In the present study, all patients had signed informed consent prior to PRFA treatment. All patients received PRFA treatment under conscious sedation with pethidine and local anesthesia with 2% lidocaine. The procedures were performed under ultrasound guidance. The mean PRFA treatment time was 26.6 min (range, 2.5–66.1 min).

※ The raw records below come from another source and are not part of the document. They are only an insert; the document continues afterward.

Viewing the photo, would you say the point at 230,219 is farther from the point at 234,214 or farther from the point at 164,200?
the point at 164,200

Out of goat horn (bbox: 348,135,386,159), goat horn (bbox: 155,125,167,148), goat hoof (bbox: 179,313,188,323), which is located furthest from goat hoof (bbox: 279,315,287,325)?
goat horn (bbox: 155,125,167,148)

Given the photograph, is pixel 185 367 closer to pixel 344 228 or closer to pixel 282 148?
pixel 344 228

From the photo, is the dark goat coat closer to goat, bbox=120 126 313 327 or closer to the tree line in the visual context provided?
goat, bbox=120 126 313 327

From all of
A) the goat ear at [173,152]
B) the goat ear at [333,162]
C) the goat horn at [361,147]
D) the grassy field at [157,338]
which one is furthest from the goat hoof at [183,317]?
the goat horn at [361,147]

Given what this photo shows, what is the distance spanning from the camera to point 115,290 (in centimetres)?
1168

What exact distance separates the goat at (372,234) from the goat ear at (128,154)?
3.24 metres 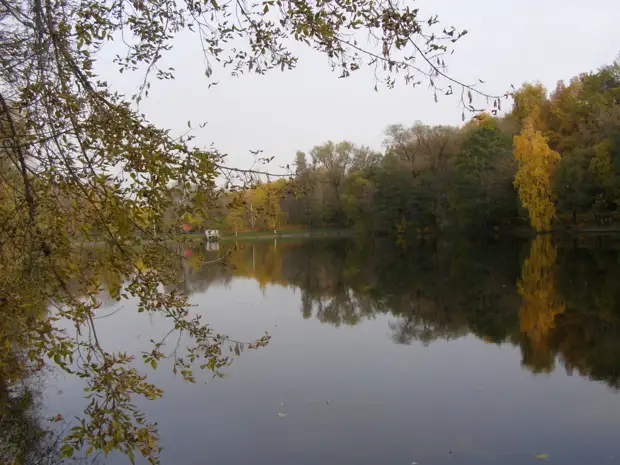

CTC isolation and classification

Blood samples of 5 ml each were collected from the peripheral circulation 30 min before and 3 days after PRFA. The CanPatrol™ CTC enrichment technique was used to isolate and classify the CTCs as previously described (17). In brief, the CTCs were first isolated by size using a filter-based equipment comprising a filtration tube (Surexam, Guangzhou, China) with calibrated membranes with 8-µm-diameter pores (EMD Millipore, Billerica, MA, USA), manifold vacuum plate with valve setting (Surexam), an E-Z96 vacuum manifold (Omega Bio-Tek, Inc., Norcross, GA, USA), and a vacuum pump. Tri-color RNA in situ hybridization (RNA-ISH), which is based on the branched DNA signal amplification technology, was then performed to classify the different phenotype of CTCs according to epithelial-mesenchymal transition (EMT) biomarkers. After treating with a protease (Qiagen GmbH, Hilden, Germany) at 25°C for 1 h, the cells on the membrane were hybridized with capture probes (Invitrogen; Thermo Fisher Scientific, Inc., Waltham, MA, USA) specific for the epithelial biomarkers EpCAM and CK 8/18/19, two mesenchymal biomarkers vimentin and twist, and the leukocyte biomarker CD45 (Table I). Then, 4′,6-diamidino-2-phenylindole (Sigma-Aldrich; Merck KGaA, Darmstadt, Germany) was used to stain the CTCs, and an Olympus BX53 fluorescence microscope (Olympus Corporation, Tokyo, Japan) was used for enumeration and analysis at a magnification of ×100. The red and green fluorescent signal represented epithelial CTCs and mesenchymal CTCs, respectively. Mixed epithelial/mesenchymal phenotype CTCs were recognized as red and green fluorescent signal. EpCAM and CK are commonly used for epithelial CTC detection (26–28), but one report revealed that the epithelial marker-based enrichment method results in failure of CTC detection due to the downregulation of EpCAM have been published (29). The CanPatrol CTC enrichment technique classifies CTCs that do not express EpCAM, including the brain glioma cell line U118MG (17). Furthermore, papers using the CanPatrol CTC enrichment technique have also been published recently (30–32).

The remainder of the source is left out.